◆ EXERCISE OBJECTIVE ◆
What lines below contain the string "Used"? List them all.

=== DATA FOR ANALYSIS ===

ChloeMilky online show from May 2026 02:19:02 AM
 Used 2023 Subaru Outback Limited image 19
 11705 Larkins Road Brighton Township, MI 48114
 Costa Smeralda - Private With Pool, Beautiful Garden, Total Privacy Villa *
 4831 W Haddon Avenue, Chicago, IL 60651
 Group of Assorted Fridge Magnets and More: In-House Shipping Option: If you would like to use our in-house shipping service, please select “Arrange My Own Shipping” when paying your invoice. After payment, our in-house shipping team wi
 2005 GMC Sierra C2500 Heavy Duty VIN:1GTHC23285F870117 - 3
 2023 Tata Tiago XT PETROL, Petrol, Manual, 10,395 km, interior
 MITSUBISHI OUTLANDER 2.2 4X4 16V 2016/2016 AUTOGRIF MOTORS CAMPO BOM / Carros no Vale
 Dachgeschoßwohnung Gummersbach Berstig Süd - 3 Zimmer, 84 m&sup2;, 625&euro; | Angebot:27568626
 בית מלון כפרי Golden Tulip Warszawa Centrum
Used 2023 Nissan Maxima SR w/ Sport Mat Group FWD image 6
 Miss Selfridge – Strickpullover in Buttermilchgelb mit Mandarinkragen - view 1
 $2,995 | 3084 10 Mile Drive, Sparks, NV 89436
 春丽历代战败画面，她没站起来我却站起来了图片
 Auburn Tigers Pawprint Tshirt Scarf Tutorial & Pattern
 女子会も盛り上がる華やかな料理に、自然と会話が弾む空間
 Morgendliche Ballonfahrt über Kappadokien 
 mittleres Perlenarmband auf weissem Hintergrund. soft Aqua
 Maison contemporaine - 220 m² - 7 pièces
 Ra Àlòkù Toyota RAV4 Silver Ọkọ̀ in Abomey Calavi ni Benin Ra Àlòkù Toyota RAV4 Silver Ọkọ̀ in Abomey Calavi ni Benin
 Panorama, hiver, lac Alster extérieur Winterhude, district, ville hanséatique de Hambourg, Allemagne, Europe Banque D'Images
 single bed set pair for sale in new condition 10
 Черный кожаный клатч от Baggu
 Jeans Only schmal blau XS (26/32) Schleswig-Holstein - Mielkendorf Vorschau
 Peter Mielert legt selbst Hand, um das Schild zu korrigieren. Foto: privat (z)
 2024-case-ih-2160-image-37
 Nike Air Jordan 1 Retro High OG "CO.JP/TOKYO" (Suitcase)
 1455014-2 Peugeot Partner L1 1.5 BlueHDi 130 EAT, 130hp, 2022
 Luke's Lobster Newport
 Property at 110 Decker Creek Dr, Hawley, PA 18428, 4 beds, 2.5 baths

===

◆ SOLVED EXERCISE ◆
 Used 2023 Subaru Outback Limited image 19
Used 2023 Nissan Maxima SR w/ Sport Mat Group FWD image 6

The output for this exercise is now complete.